Sigrid Erfurth: Ehrenamtliches Engagement fördern

Herr Präsident, meine sehr geehrten Damen und Herren! Herr Kollege van Ooyen, ich möchte zunächst eines zurückweisen: Sie haben von Gesinnungssteuerrecht gesprochen. Ich finde, dass darf und sollte man nicht tun. Das Steuerrecht ist kein Gesinnungsrecht. Die Finanzbeamtinnen und –beamten urteilen nach Recht und Gesetz. Das ist richtig und gut so.
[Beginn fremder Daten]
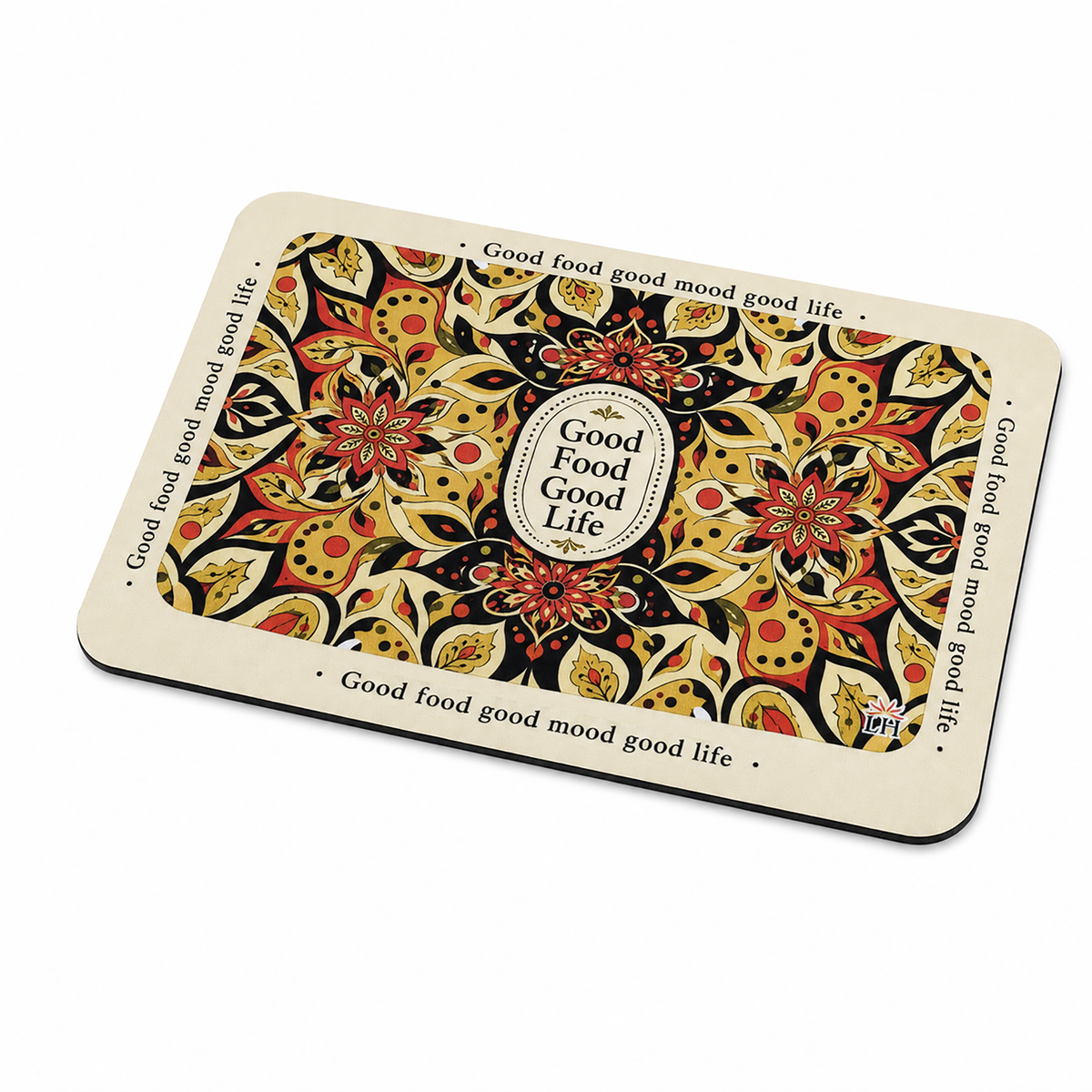 Kitchen Dish Drying Mat | Red Floral Mandala Print | 35x55 cm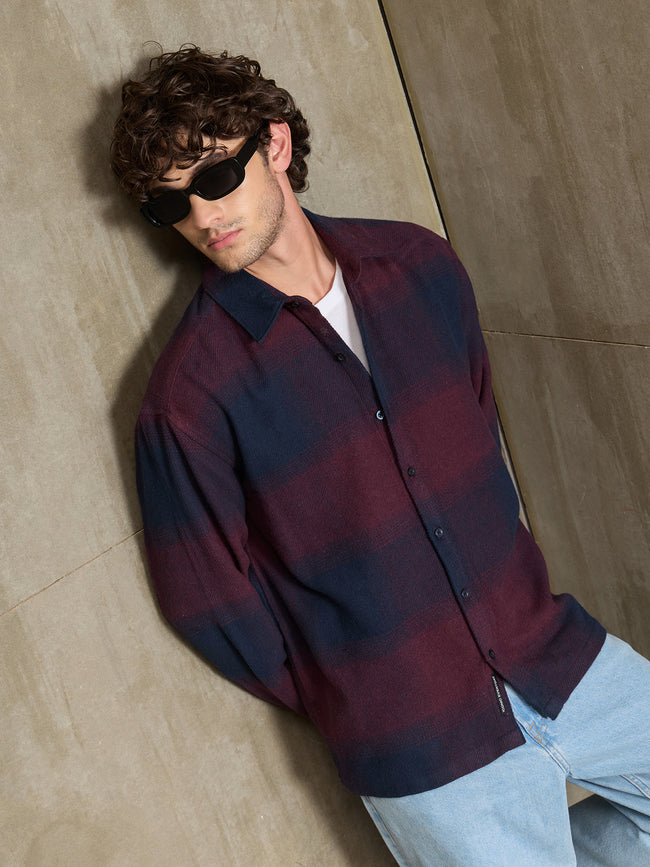 Men Burgundy Buffalo Check Shirt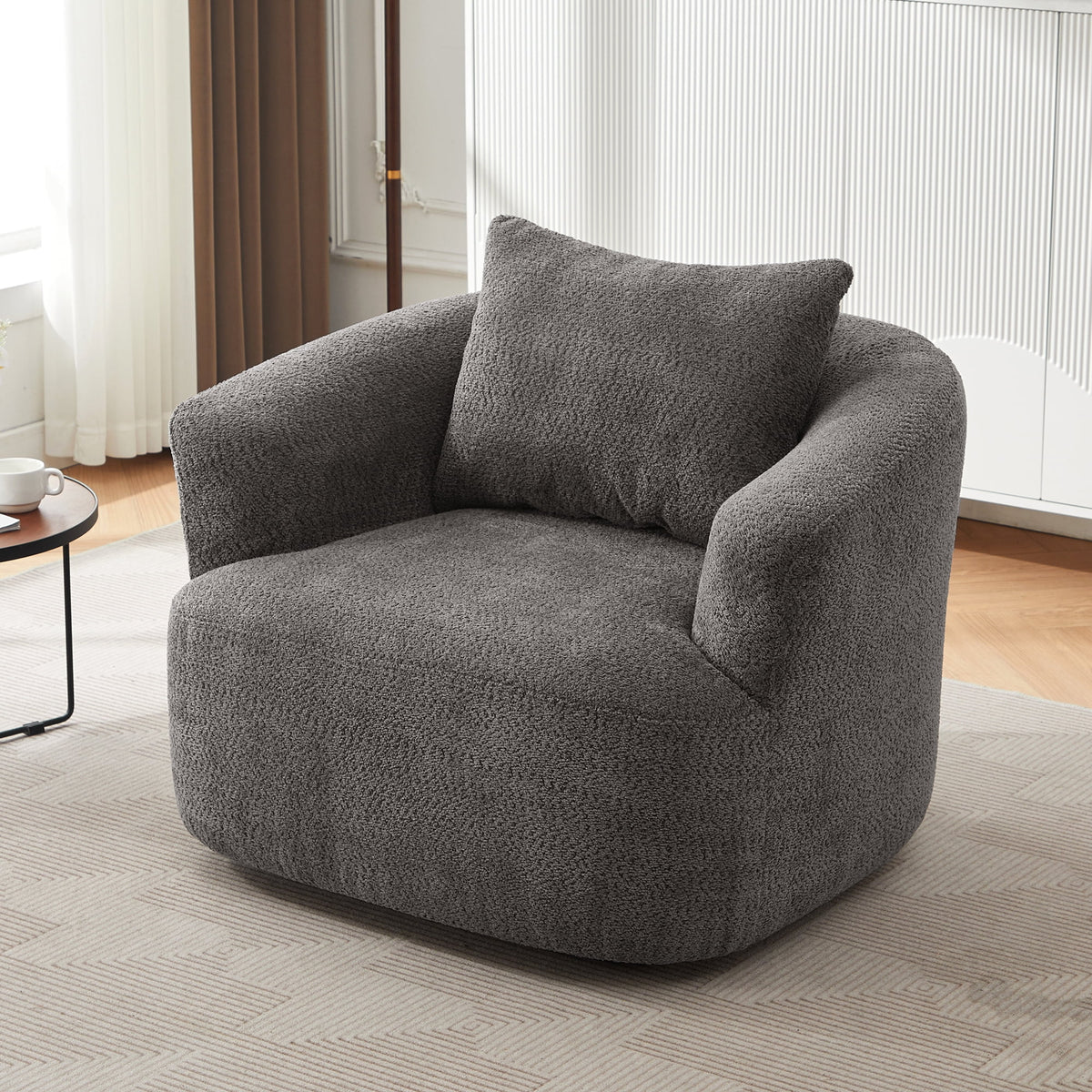 Harper & Bright Designs 360�� Swivel Accent Chair, Barrel Chair Swivel Upholstered Sofa Chair with Cushion for Living Room Office, Beige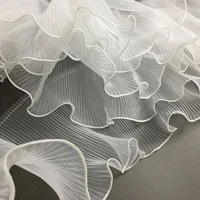 white sewing fabric for wedding dress diy crafts pleated ruffle organza lace ribbon 15cm wide handmade hobby sewing accessories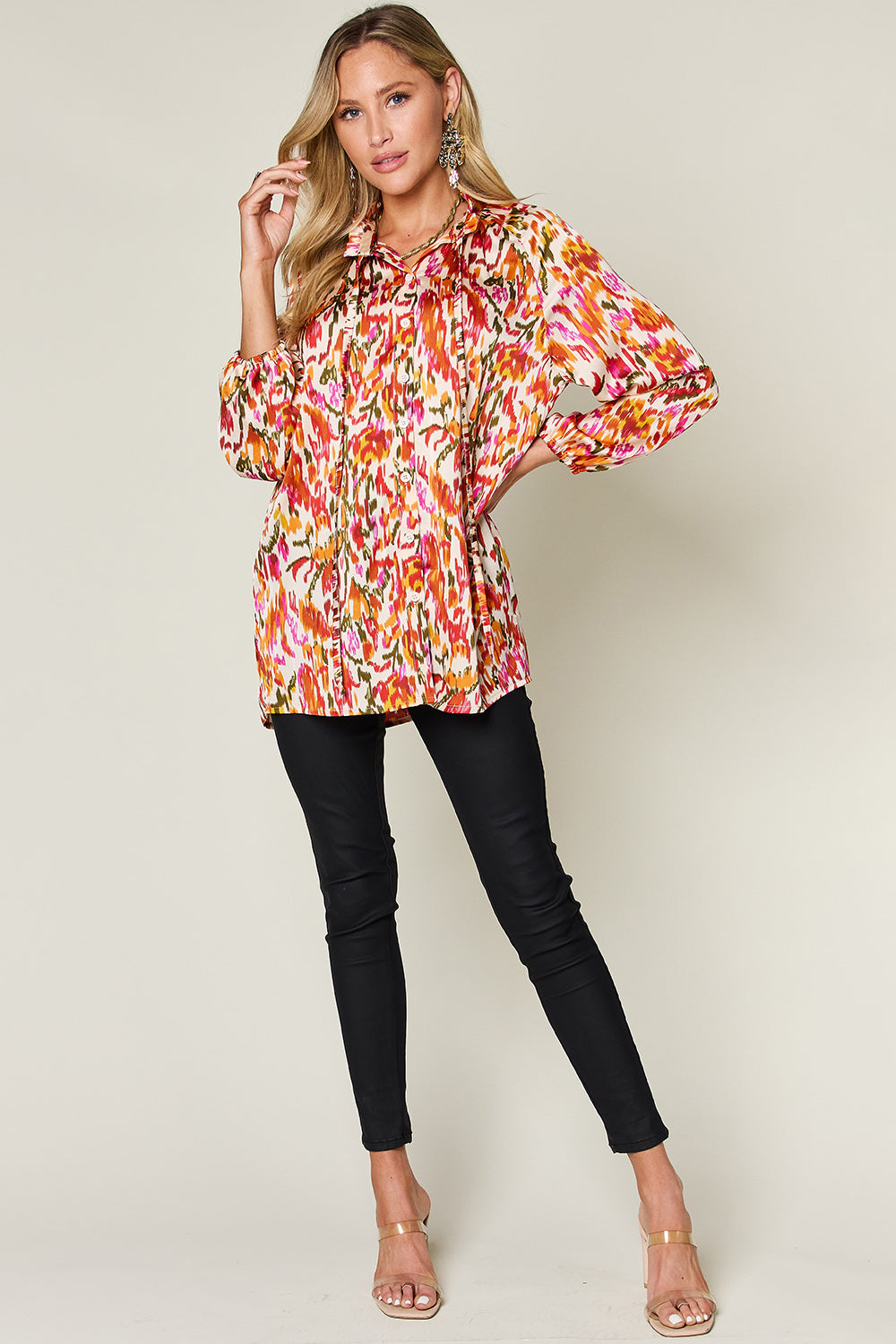 Full Size Printed Button Up Long Sleeve Shirt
Diese Nähe sollten Sie nicht herstellen.
(Beifall bei dem BÜNDNIS 90/DIE GRÜNEN und der CDU – Zuruf des Abg. Günter Rudolph (SPD))
– Herr Rudolph, sind Sie fertig, dann kann ich weitermachen. – Herr Kollege Schmitt, Sie haben das Spannungsfeld, in dem wir uns bewegen, sehr umfassend und eindrücklich beschrieben. Ich hatte auch das Gefühl, Ihnen ist nicht so ganz wohl dabei, wie man das Gemeinnützigkeitsrecht fortentwickeln kann. Sie haben einen Vorschlag gemacht, aber Sie haben keine richtige Lösung.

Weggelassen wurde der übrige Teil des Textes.